Déjà avec Bonjour, on a tous dû écouter le morceau 3, 4 ou 10 fois avant de réaliser qu’on avait bien entendu. Déjà avec Bonjour le gars se fait passer pour un candide alors qu’il nous plonge tous dans une constructive interrogation. Déjà avec Bonjour, il annonce la démarche. Vald, c’est le rappeur dont on doute de plus en plus qu’il le soit. C’est le gars de la décomplexion qui ne fait rien pour plaire et avec lequel on a du mal à éloigner le mot « génie » qui l’agace tant. Aussi agacée que lui par le terme de génie accolé à ce fumiste, il faut néanmoins reconnaître que son génie se trouve dans nos réactions à tous. Il ne laisse pas indifférent, qu’on aime le gars ou pas, qu’on aime ses sons ou pas, il est l’élément perturbateur du rap français en lui tendant un miroir dans lequel il ne s’était pas encore regardé.
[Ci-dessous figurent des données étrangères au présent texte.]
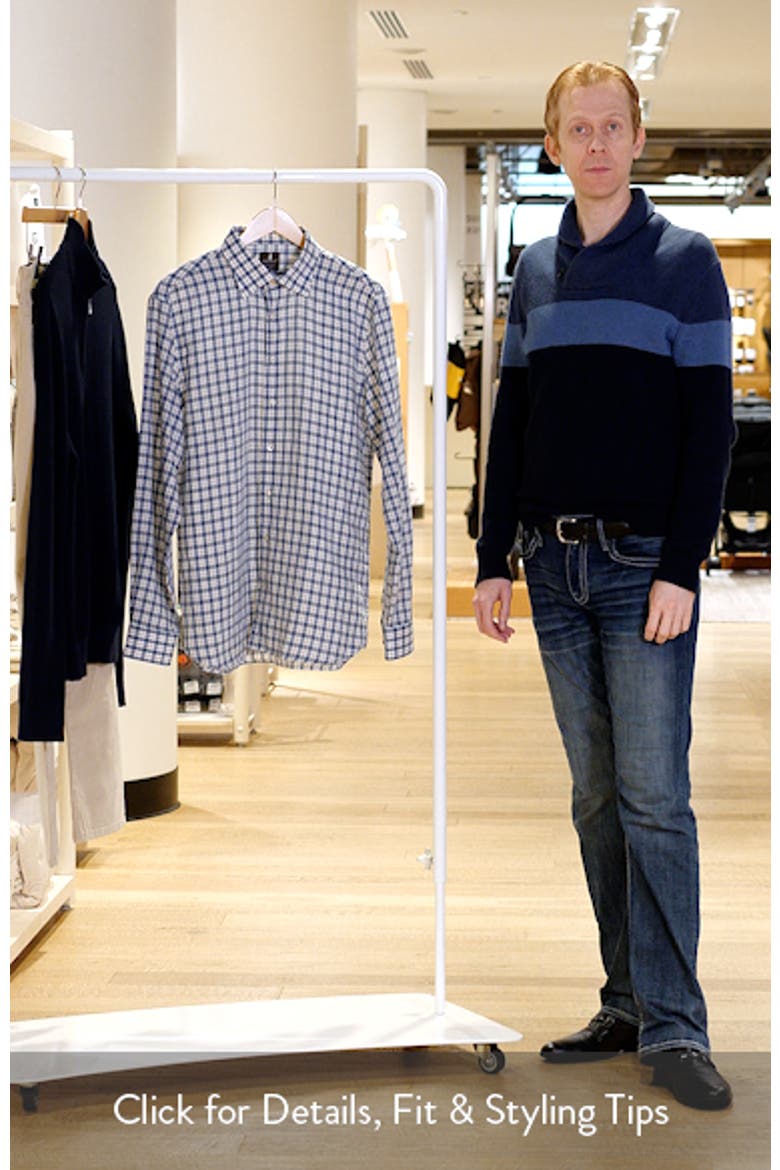 Tad Plaid Linen Blend Button-Up Shirt video
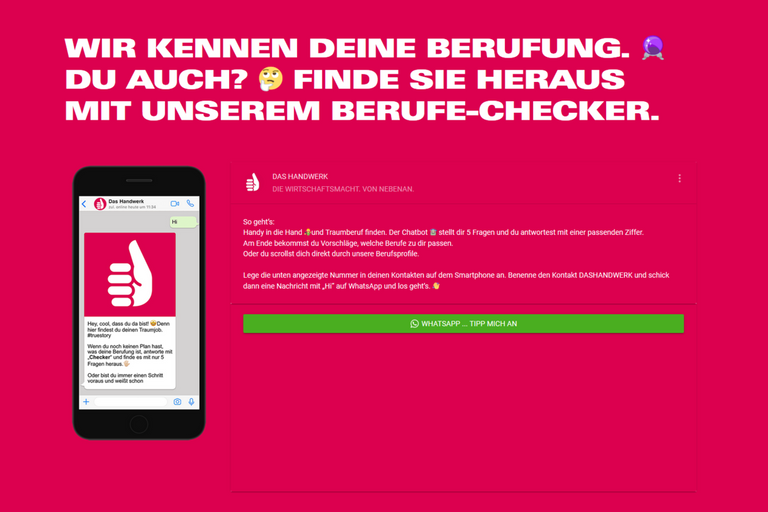 WhatsApp-Berufsfinder von 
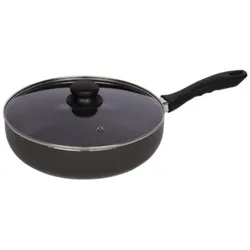 Kelomat Alu Pfanne Reventon Ø24cm hoch mit Deckel Induktion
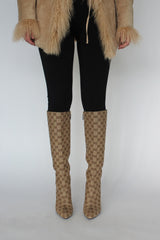 Gucci by Tom Ford monogram canvas boots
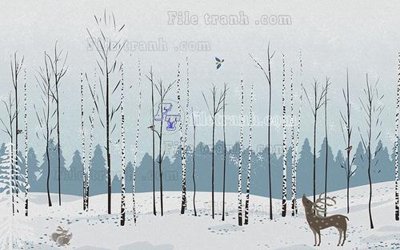 File tranh File in tranh tường hiện đại FT24089 (gốc) chủ đề tĩnh vật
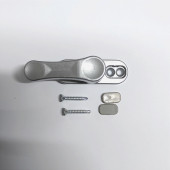 Pvc Kapı Pencere Metal Çekmeli Çocuk Emniyet Güvenlik Kilidi - 2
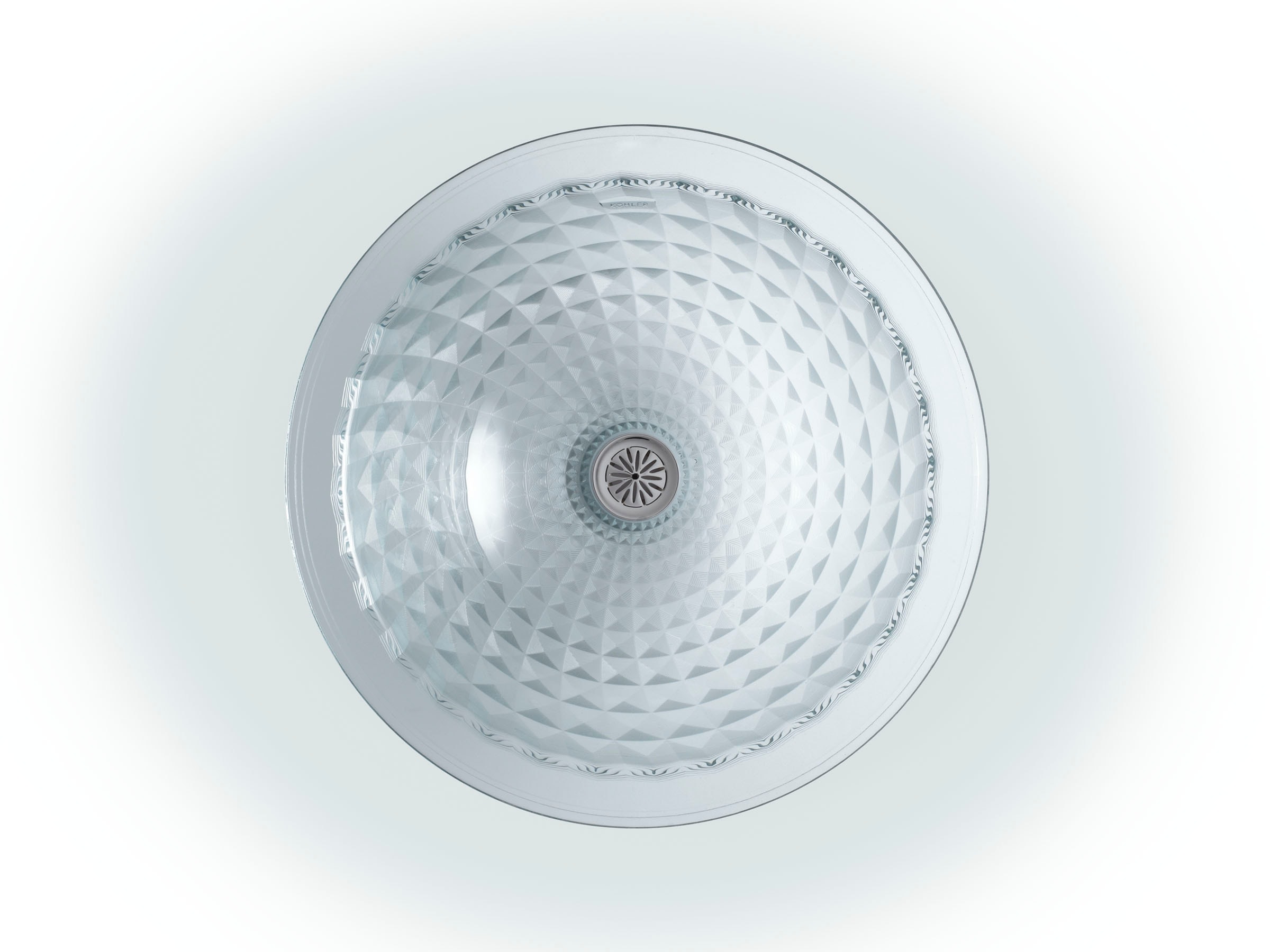 KOHLER Kallos Undermount Glass Bathroom Sink in Ice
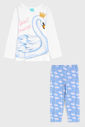 Pijama Kyly Longo Infantil Full Print Branco/Azul Pijama Kyly Longo Infantil Full Print Branco/Azul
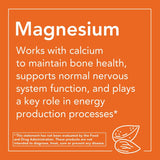 NOW Foods Citrato de magnesio 200 mg, sello GMP y garantía de calidad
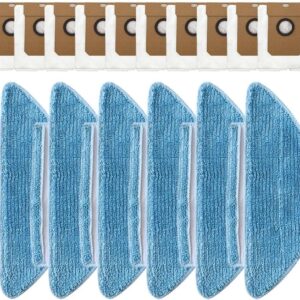 Staubbeutel und Wischlappen für Lubluelu SL60D SL61 SD80 8/16 Stück (B)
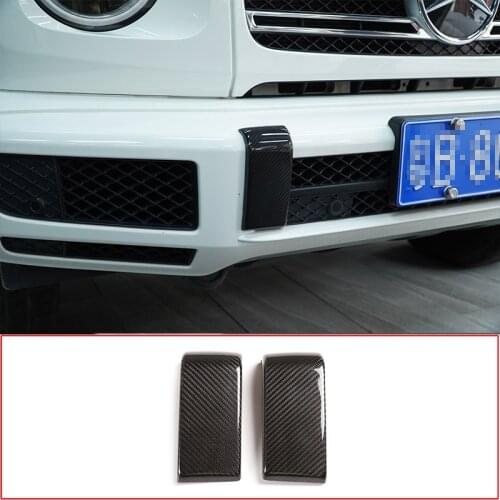 For Mercedes-Benz G-Class W463 2019-2020 Real Carbon Fiber Car Front Bumper Decorative Cover Sticker Car Accessories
La simplicité déconcertante et provocatrice des textes, si elle nous énerve est pourtant l’ingrédient principal qui nous pousse à aller plus loin. C’est comme si Vald disait « regarde je te dis de la merde, maintenant demande toi comment et pourquoi je le fais« . Vald fait un rap réflexif, il interroge sa propre pratique autant que celle de tout le mouvement. C’est un peu le Jeff Koons du rap où d’abord tu te dis « c’est quoi cette merde? » et après tu penses plutôt avoir à faire à un génie qui maîtrise sévèrement son truc. On pourrait aussi se dire que Vald c’est le Didier Super du rap ou encore le Salut c’est cool de la musique. L’infiltré qui balance ce qu’il voit de derrière le rideau, le type droit dans ses Converse, autonome d’esprit et pas coincé dans des principes stériles.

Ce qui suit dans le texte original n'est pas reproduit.